Barwise and Moss (1996) introduce a theory of non-well-founded classes which is meant to extend Aczel's ZFA, with the aim of providing an axiomatisation of a so-called 'arbitrary' notion of class, and of offering a principled solution to the set-theoretic and class-theoretic paradoxes in a non-well-founded setting. Their theory, however, presents some mathematical and philosophical shortcomings. This talk gestures towards addressing some of these. In particular, we suggest to consider the hyperuniverses introduced by Forti and Hinnion (1989) as a semantic framework to model a theory of strongly extensional classes addressing some of the shortcomings in Barwise and Moss. This is based on joint work with Carlo Nicolai.

 

Carlo Nicolai: Some prolegomena to non-well-founded instantiation

The talk concerns the broader project extracting adequate property theories from anti-foundation principles. I focus on the task of recovering full ZF in such (non-extensional, non-wellfounded systems). I adapt and modify some known results to achieve this.

 -

Pablo Dopico: The semantic indeterminacy of the concept of set.

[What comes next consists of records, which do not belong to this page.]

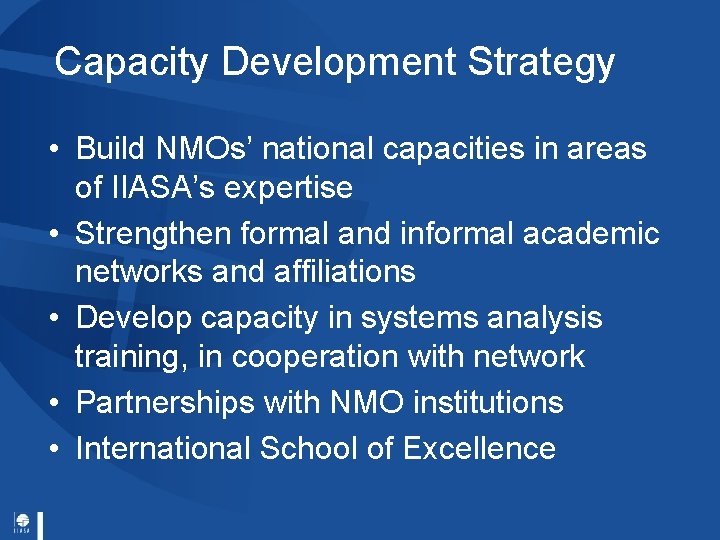 Capacity Development Strategy • Build NMOs’ national capacities in areas of IIASA’s expertise •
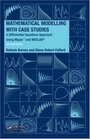 Mathematical Modelling with Case Studies A Differential Equations Approach using Maple and MATLAB Second Edition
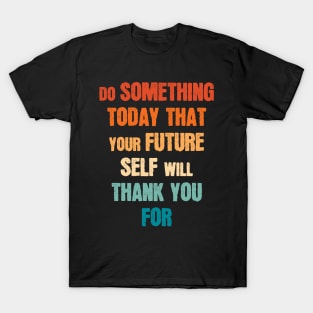 Do Something Today That Your Future Self Will Thank You For T-Shirt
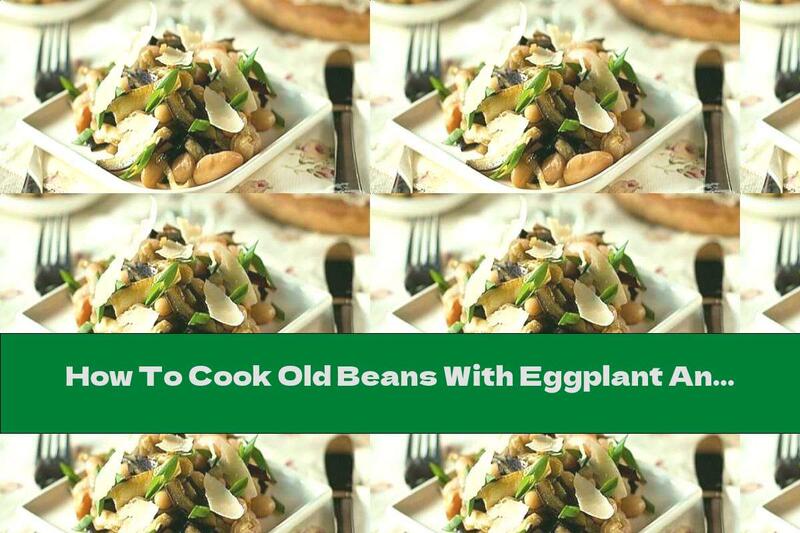How To Cook Old Beans With Eggplant And Parmesan - Recipe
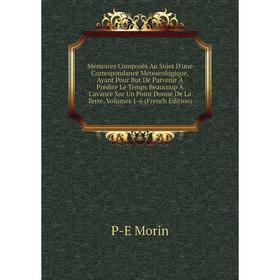 

Книга Mémoires Composés Au Sujet D'une Correspondance Météorologique, Ayant Pour But De Parvenir À Prédire Le Temps Beaucoup À L'avance Sur Un Point D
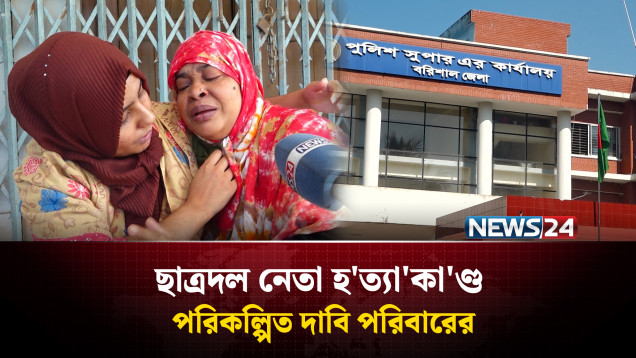 ছাত্রদল নেতা হ'ত্যা'কা'ণ্ড পরিকল্পিত দাবি পরিবারের | Barishal | News24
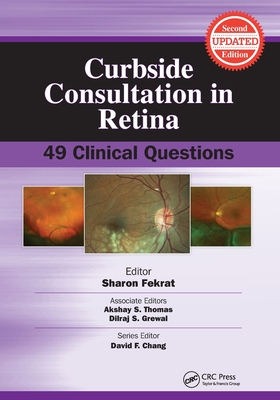 Curbside Consultation in Retina: 49 Clinical Questions - Fekrat, Sharon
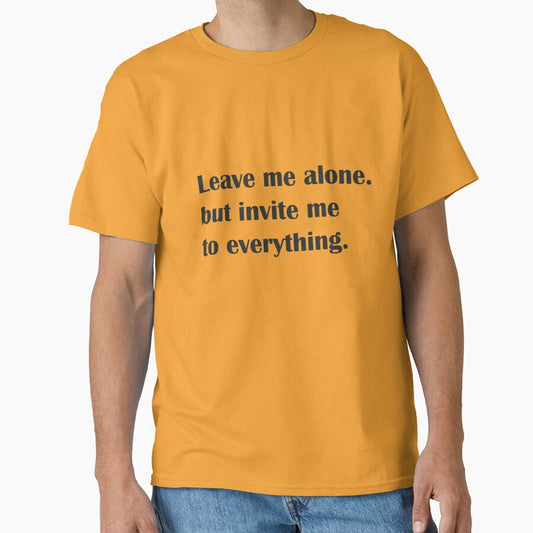 Leave Me Alone But Invite Me To Everything Funny Introvert Quote Design by insiya-art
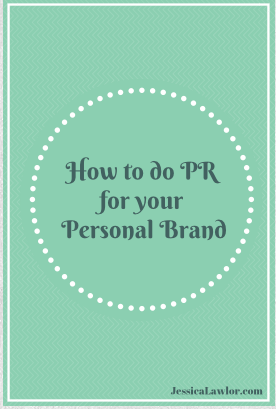 How to do PR for your personal brand- Jessica Lawlor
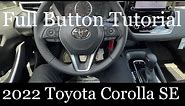 2022 Toyota Corolla SE - (FULL Button Tutorial!)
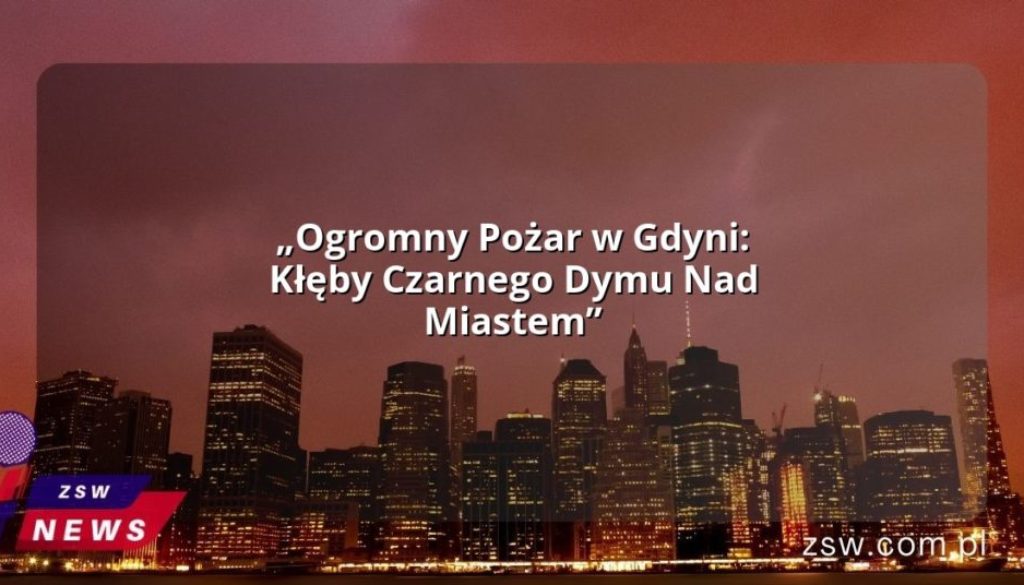 „Ogromny Pożar w Gdyni: Kłęby Czarnego Dymu Nad Miastem”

Let’s say that a predicate is extensionally deficient when there are borderline cases for its applicability, such as the predicate ‘being bald’. Drawing on a classification of extensionally deficient predicates proposed by Michael Dummett, in this paper we argue that the standard conception of set possessed by set theorists is likely to be indefinitely precisifiable; that is, regardless of how we precisify the predicate ‘being a set’, there is always a way to precisify it further that settles more borderline cases. For our claim, we rely on the development of the large cardinal axiom program from the early days of set theory until today. This is the first part of joint work with Davide Sutto (University of Oslo)

-

Kentaro Fujimoto: Uniform reflection principles and Feferman's schematic reflective closures

Feferman formulated a variety of formal systems in an attempt to vindicate his life-long conviction that the Feferman-Schuette ordinal is the predicative limit. Among them is the system of the schematic reflective closure of Peano Arithmetic PA. According to him, the engines for systematically generating larger and larger systems whose acceptability is implicit in acceptance of the starting theory are what have come to be called reflection principles, and one of the main purposes of his schematic reflective closures is “to give a more perspicuous generation procedure for predicativity" without use of progression of those reflection principles. In this talk, I will examine Feferman's concept of schematic reflective closure, consider a theory for predicativity directly in terms of the reflection principles, and then investigate how these two kinds of theories are related.

 -

Catrin Campbell-Moore: Supervaluationism and omega-consistency

Supervaluational Kripkean theories of truth result in triviality when we restrict to omega-consistent precisifications. This talk presents an alternative finitary supervaluational jump which is non-trivial for omega-consistent precisifications. The restriction to omega-consistent precisifications can be motivated when we consider alternative properties which are brought about as definite than just looking at when the precisifications agree on what is definitely true. We result in a picture of indefinite truth where truth is definitely omega-consistent, although definite-truth is omega-inconsistent.